Container platform service

A service in container platform environments is a logical set of pods that represents a given application. The service exposes a single entry point for the application process. While the pods that comprise the service are ephemeral, the service is persistent. The service entity also gives historical tracking of the number of replicas that run to support the service.

Note:

For details about services discovered through APM targets, see this topic.

Synopsis

Container platform service in the supply chain
Synopsis
Provides: Response time and transactions to Business Transactions and Business Applications
Consumes from: Container pods and the underlying nodes
Discovered through: Kubeturbo agent that you deployed to your cluster

Monitored resources

Turbonomic monitors the following resources:

  • Response time

    Response time is the elapsed time between a request and the response to that request. Response time is typically measured in seconds (s) or milliseconds (ms).
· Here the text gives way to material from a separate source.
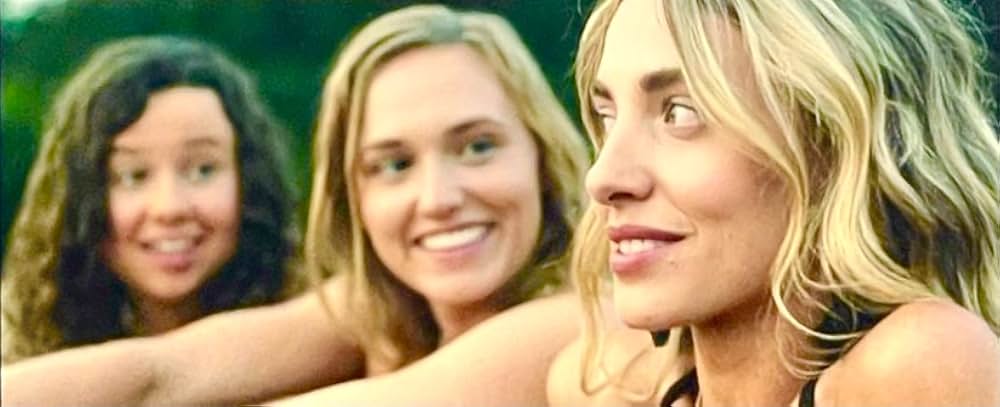 ビキニ・バッドガールズの画像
    For LLM inference workloads, response time is the turnaround time for each request, including both queuing time and service time. When there is no request, response time is unavailable.

  • Transaction

    Transaction is a value that represents the per-second utilization of the transactions that are allocated to a given entity.

    For LLM inference workloads, Transaction is the total number of tokens per second, which includes both input tokens and generated tokens. When there is no request, Transaction is zero.

  • Number of replicas

    Number of replicas is the number of Application Component replicas running over a given time period.

  • Concurrent queries

    For LLM inference workloads, concurrent queries is the number of concurrent queries to a workload. When there is no request, concurrent queries is zero.

  • Queueing time

    For LLM inference workloads, queueing time is the amount of time that a request spends in a queue before it is processed. When there is no request, queueing time is zero.

  • Service time

    For LLM inference workloads, service time SLO is the amount of processing time needed to generate the next token. This metric is relatively stable for a given model and GPU resource. When there is no request, service time is unavailable.

Actions

Scale (through workload controllers)

Turbonomic recommends actions to scale the replicas that back the container platform services. Set the scope to the associated Workload Controller to view and execute the actions.

For details, see Workload Controller Scale Actions.